──────── Listed records

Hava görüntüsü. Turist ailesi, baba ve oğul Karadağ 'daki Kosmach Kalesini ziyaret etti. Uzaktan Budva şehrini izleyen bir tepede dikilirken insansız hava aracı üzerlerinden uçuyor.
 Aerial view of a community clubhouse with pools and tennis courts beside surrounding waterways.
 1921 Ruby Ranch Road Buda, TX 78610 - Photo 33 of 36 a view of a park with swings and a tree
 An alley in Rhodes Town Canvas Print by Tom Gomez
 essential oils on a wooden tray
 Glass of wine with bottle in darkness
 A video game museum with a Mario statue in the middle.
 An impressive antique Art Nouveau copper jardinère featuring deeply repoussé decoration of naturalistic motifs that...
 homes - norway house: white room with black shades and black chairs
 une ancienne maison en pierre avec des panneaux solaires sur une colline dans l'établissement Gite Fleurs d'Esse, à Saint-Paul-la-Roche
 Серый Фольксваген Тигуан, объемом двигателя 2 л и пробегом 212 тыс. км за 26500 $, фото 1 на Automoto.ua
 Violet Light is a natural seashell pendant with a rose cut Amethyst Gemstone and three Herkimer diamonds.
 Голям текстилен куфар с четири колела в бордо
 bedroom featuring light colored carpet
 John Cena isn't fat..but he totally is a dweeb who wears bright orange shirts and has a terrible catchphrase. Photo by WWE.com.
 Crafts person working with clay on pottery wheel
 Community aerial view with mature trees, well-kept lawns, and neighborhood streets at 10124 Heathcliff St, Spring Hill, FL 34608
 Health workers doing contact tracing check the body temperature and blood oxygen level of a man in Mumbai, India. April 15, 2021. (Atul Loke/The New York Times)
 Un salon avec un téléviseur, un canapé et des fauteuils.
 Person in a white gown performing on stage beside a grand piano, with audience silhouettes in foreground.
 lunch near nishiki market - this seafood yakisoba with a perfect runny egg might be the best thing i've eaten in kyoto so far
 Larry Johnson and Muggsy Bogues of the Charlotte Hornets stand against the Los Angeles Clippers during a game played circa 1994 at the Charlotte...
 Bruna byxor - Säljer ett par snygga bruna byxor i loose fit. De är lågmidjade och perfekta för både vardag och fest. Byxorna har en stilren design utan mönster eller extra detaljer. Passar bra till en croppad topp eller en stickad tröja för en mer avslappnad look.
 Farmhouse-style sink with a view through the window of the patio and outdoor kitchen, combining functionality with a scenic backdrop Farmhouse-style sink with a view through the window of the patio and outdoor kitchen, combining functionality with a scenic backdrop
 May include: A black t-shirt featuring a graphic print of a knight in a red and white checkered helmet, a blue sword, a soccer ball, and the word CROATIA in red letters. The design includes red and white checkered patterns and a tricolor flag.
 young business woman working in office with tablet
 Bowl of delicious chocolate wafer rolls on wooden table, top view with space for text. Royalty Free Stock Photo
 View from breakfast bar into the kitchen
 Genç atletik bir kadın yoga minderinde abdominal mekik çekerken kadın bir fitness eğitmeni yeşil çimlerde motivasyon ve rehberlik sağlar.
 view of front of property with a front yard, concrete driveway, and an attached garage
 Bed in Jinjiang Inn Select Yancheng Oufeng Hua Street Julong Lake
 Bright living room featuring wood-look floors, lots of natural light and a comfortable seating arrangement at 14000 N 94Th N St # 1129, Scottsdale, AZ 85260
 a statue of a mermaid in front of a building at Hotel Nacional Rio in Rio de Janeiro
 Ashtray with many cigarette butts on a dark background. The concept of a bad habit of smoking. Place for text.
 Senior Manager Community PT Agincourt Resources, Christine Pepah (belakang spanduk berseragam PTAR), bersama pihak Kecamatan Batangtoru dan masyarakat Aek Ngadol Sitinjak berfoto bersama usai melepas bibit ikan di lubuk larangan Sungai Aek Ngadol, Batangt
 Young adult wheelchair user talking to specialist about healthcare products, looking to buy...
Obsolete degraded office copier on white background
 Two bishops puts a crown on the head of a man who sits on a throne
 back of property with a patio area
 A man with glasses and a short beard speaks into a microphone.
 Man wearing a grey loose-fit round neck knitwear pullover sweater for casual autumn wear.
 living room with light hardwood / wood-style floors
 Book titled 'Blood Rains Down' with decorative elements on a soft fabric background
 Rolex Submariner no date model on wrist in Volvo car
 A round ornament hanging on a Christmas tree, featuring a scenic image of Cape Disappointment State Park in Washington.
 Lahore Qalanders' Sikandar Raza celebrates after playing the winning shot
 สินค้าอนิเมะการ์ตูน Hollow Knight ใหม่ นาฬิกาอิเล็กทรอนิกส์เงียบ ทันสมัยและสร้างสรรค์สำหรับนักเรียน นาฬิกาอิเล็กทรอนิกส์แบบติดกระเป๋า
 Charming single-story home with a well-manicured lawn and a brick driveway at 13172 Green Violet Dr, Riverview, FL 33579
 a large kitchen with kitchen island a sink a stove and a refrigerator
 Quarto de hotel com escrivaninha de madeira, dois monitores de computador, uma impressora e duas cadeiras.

────────────────

◆ **Required work**: The word is "game". Copy every line above where it appears.

◆ **Response to the exercise**:
 A video game museum with a Mario statue in the middle.
 Larry Johnson and Muggsy Bogues of the Charlotte Hornets stand against the Los Angeles Clippers during a game played circa 1994 at the Charlotte...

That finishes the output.